## Directions for this task
Transcribe the records in full; omit images.

## Information
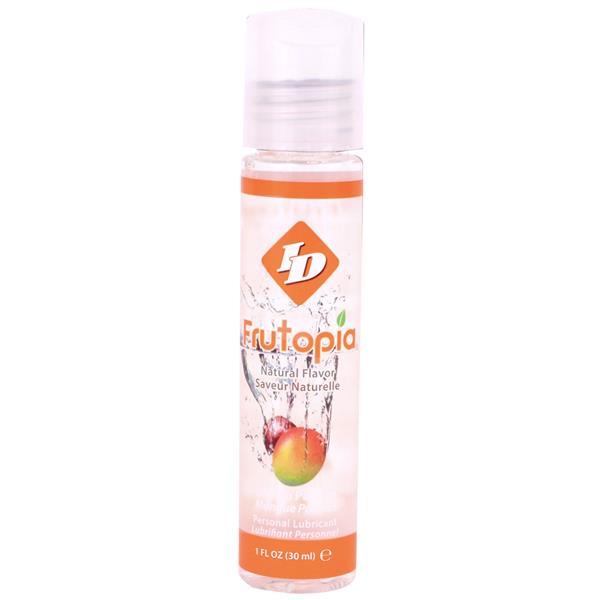 ID Frutopia Mango Water-Based 1 oz Personal Lubricant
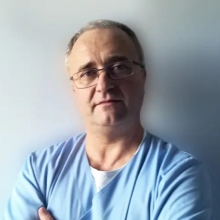 Powiększ obraz: Piotr Trybek, urolog Nowy Targ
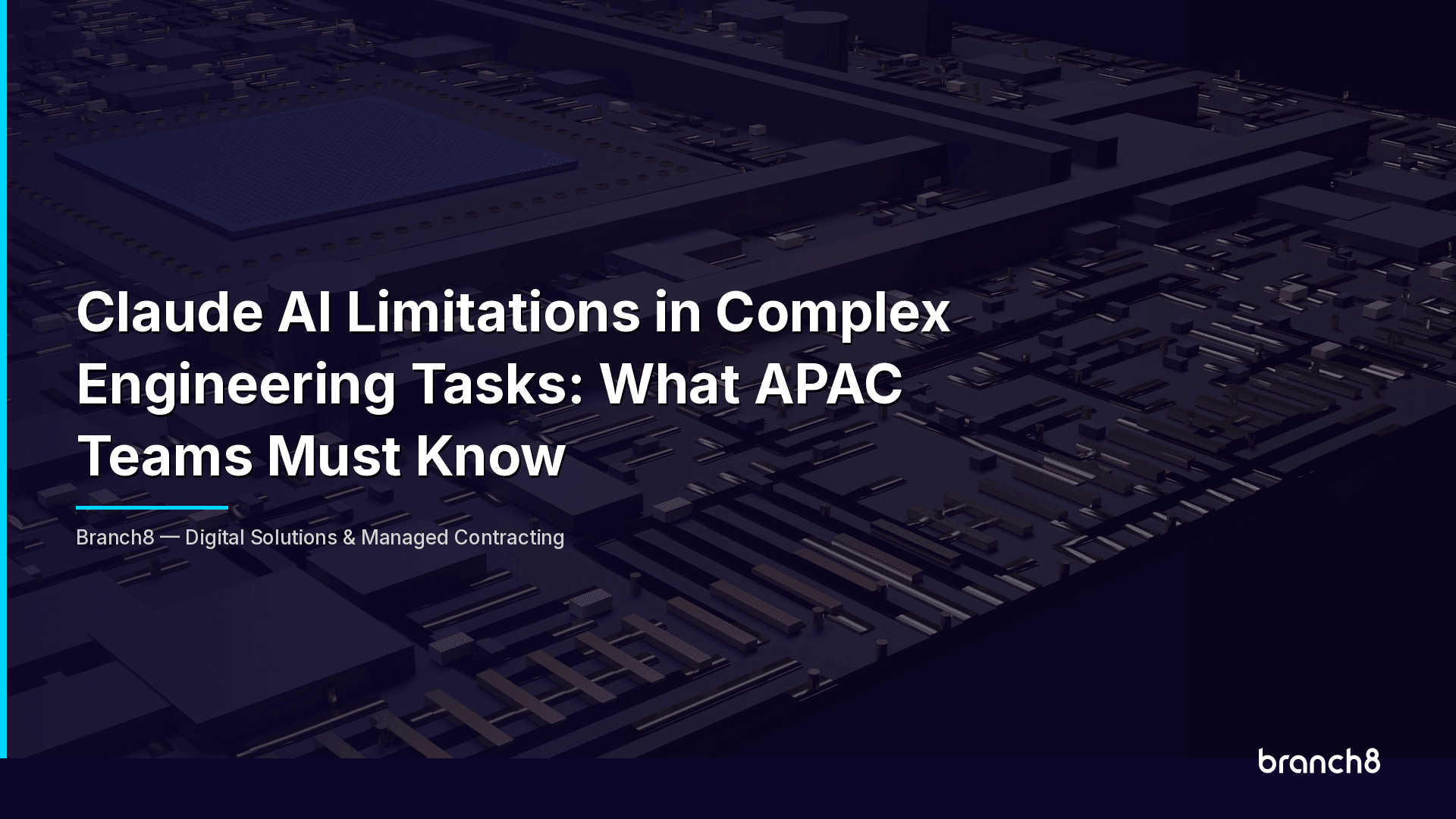Claude AI Limitations in Complex Engineering Tasks: What APAC Teams Must Know - Hero Image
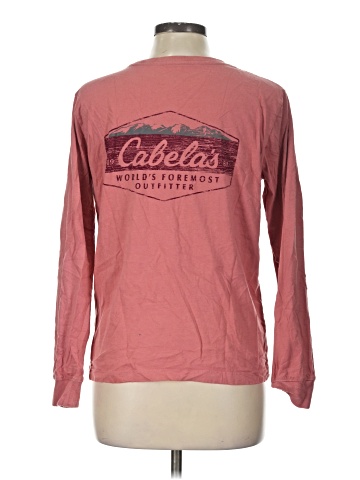 Cabela's Long Sleeve T-Shirt (view 2)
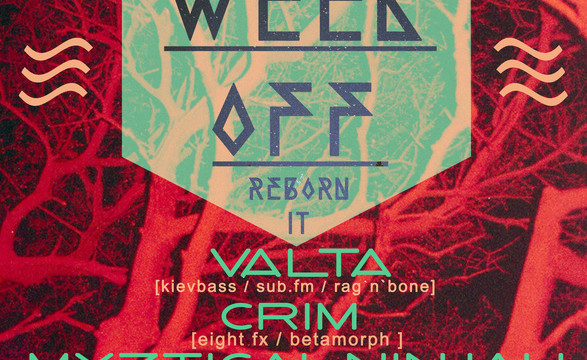 WEEK OFF : reBorn it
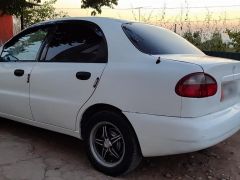 Фото авто Daewoo Lanos (Sens)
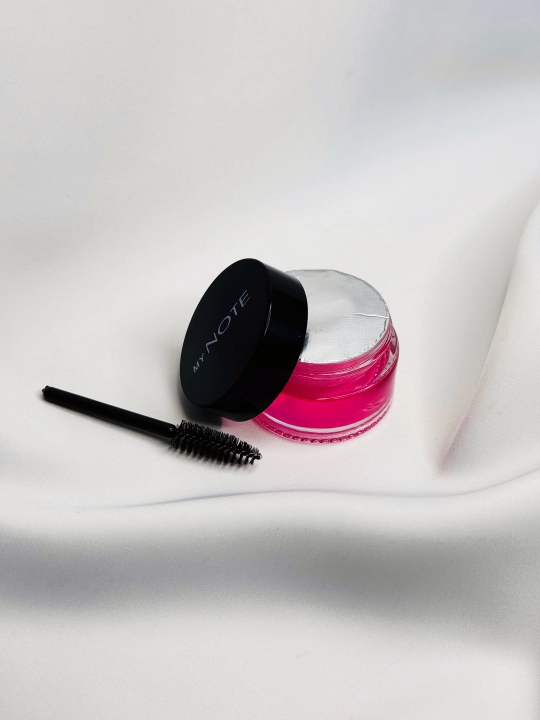 Note Eyebrow Master Wax — Воск для бровей, фиксирующий на весь день набор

## Result
 ID Frutopia Mango Water-Based 1 oz Personal Lubricant
 Powiększ obraz: Piotr Trybek, urolog Nowy Targ
Claude AI Limitations in Complex Engineering Tasks: What APAC Teams Must Know - Hero Image
 Cabela's Long Sleeve T-Shirt (view 2)
 WEEK OFF : reBorn it
 Фото авто Daewoo Lanos (Sens)
 Note Eyebrow Master Wax — Воск для бровей, фиксирующий на весь день набор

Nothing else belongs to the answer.